Earlier this year, a waterfront home in Nantucket made headlines after its price dropped 74% in about six months. The price of a three-bedroom, two-bathroom home fell from $2.3 million to $600,000 after 70 feet of nearby shoreline in Nor’easter was destroyed, putting the property at risk.
But the ranch-style home on the south shore of the island off the coast of Massachusetts is not an anomaly. And with thousands of structures at risk, the question of who is paying how much for climate projects on Nantucket is already a pressing one.
Once the center of New England’s whaling industry, Nantucket has become a summer retreat for the wealthy, with only a small number of local residents remaining here during the winter. Nearly 70% of the island’s homes are owned by people who stay there for part of the year, according to the agency. Nantucket Current.
And these houses are expensive. According to ZillowThe average price of a single-family home on the island is nearly $2.9 million, compared to about $650,000 in the rest of Massachusetts. Belonging 26 Beachfront Properties Listed on ZillowMost listings range in price from $10 million to $20 million, with one priced at $35 million. But housing costs are now under increasing scrutiny.
Shelley Lockwood, a real estate agent from Nantucket, said: Luck Last fall, she began to become upset when she saw posted prices for properties on the island’s waterfront that she considered “totally wrong.” So, with Nantucket’s Coastal Resilience Advisory Committee, she helped launch a class for real estate agents to help them re-evaluate at-risk homes.
“It’s just not pretty,” she said. “If I bought a house for $10 million and it fell into the water and someone didn’t tell me, I’d be very upset.”
Attorney Chris Farley spoke about this. Luck that it helps homeowners reduce their property taxes to reflect the loss in home value caused by erosion. That requires mitigation by the city’s assessment board, which Farley said must take into account long-term erosion of the beach where the property sits.

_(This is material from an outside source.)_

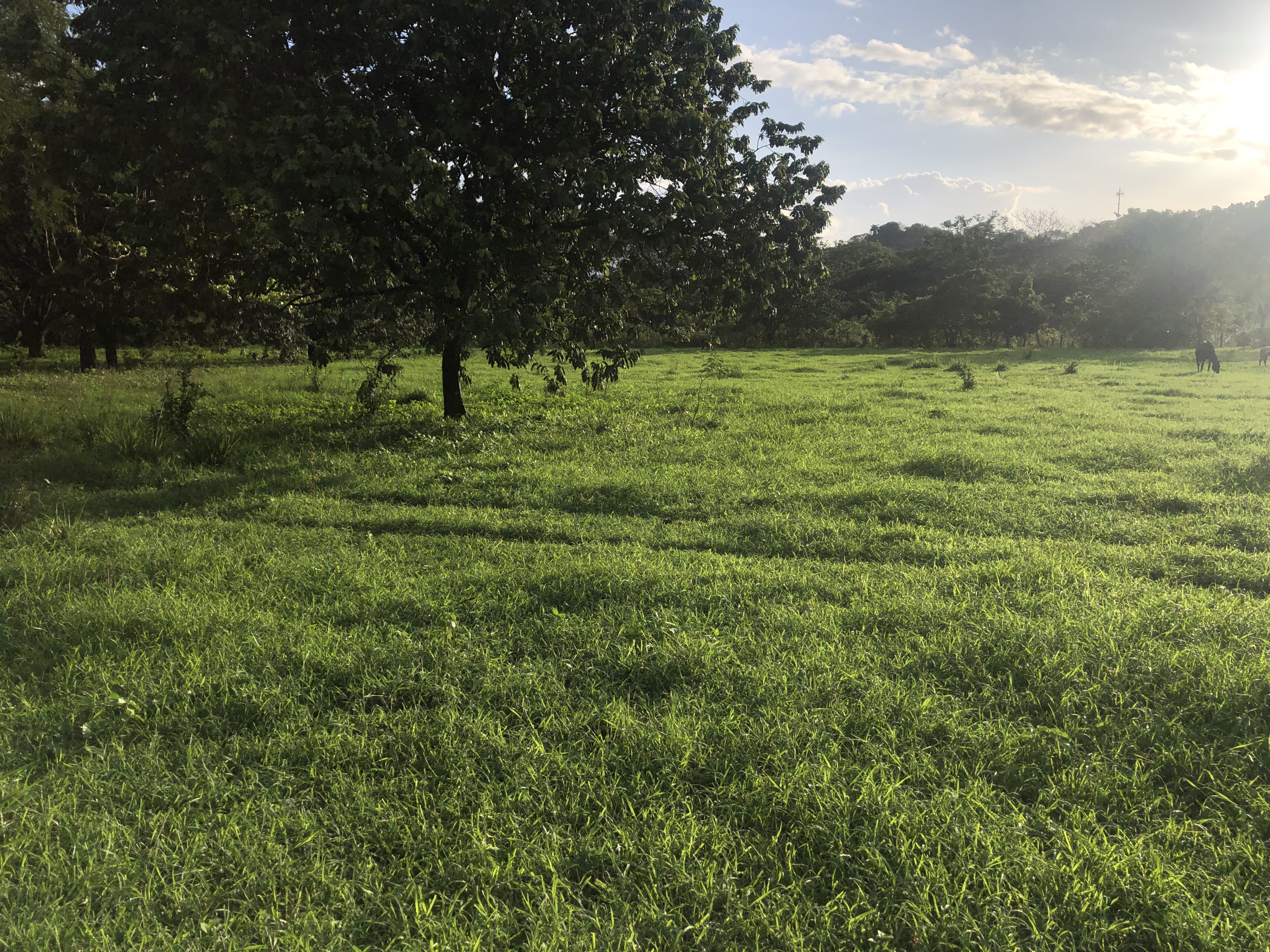 0 bed Land For Sale in Samara, Guanacaste - thumb 9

However, if a significant number of homes lose value, property tax revenue for the entire city could suffer at a time when tax dollars could be desperately needed to address issues affecting waterfront homeowners.
Who pays
These costs to taxpayers have already been taken into account. In 2021, Nantucket adopted a Coastal Resilience Plan (CRP), which outlines nearly $1 billion in projects that will help the island counter some of the impacts of erosion and sea level rise. Part of that plan included dividing the island into “coastal resilience districts”—essentially dividing Nantucket into different zones according to their risk level and unique needs.
Leah Hill, the city’s coastal resiliency coordinator, said Boston Globe that if Nantucket fails to reduce coastal risks by 2070, nearly 2,400 structures would be at risk from coastal flooding and erosion, with damage costing $3.4 billion per year.
One idea that has floated among city officials is to impose a property improvement fee on property owners who would benefit most from resiliency projects, which would lower costs for the city as well as taxpayers who would suffer less.
Vincent Murphy, the city’s sustainability program manager, said Luck The email said many of the projects described in the CRP are small, with very localized benefits, which was the main rationale for the improvement fee idea.
“When the city and neighbors benefit from the project and agree to do the work together, then the costs will be shared,” Murphy said. “The city will pay for a portion, and the neighbors who benefit will also pay accordingly.”
Exactly who helps pay for projects and how much they pay will be determined on a case-by-case basis depending on how many beneficiaries the project has and the extent to which they benefit, Murphy said. Payments will be made over a specified period of up to 20 years.
But not everyone on Nantucket supports the concept. When the home improvement fee resolution came up for a vote at town meeting last month, voters opposed the plan and questioned whether it was fair to force some property owners to shoulder more of the cost than others. While the roadmap for coastal resiliency moved forward, a vote on the fee increase was delayed.
“The way it is set up is that the whole island is subject to this principle and is divided into districts, and those districts are charged for improvement projects,” Bobby DeCosta, a former board member, said at a town meeting. according to Nantucket Current. “It singles out the taxpayers in these areas, the people who own property near the ponds and beaches and who already pay most of the taxes for us.”